TASK TO CARRY OUT → Copy every line of the data below exactly as given, except for the pictures.

COLLECTED DATA →
══════════
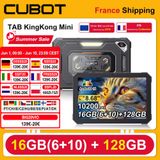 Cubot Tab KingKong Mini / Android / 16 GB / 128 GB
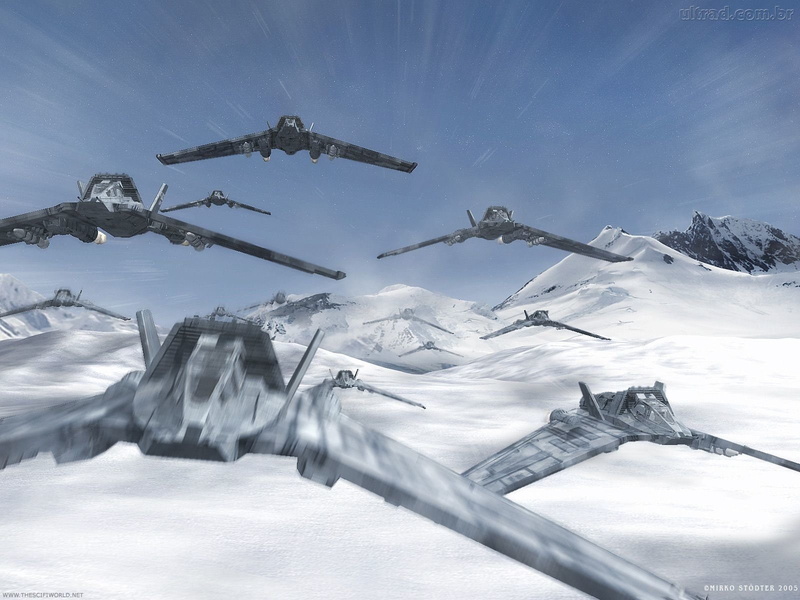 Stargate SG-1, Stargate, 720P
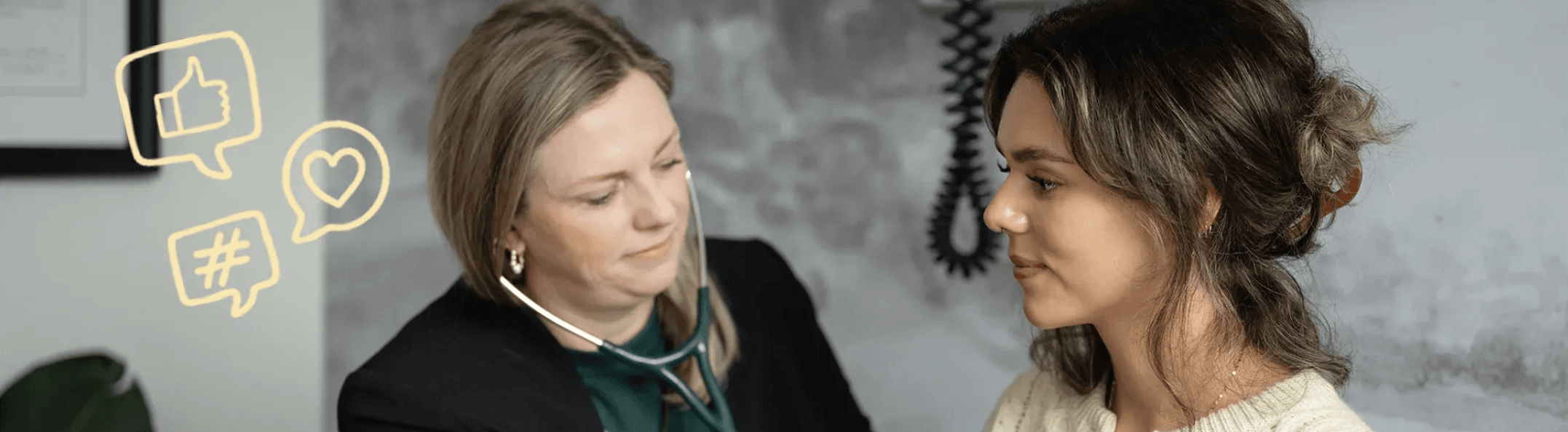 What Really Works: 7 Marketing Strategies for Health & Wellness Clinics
══════════
YOUR RESPONSE →
 Cubot Tab KingKong Mini / Android / 16 GB / 128 GB
 Stargate SG-1, Stargate, 720P
 What Really Works: 7 Marketing Strategies for Health & Wellness Clinics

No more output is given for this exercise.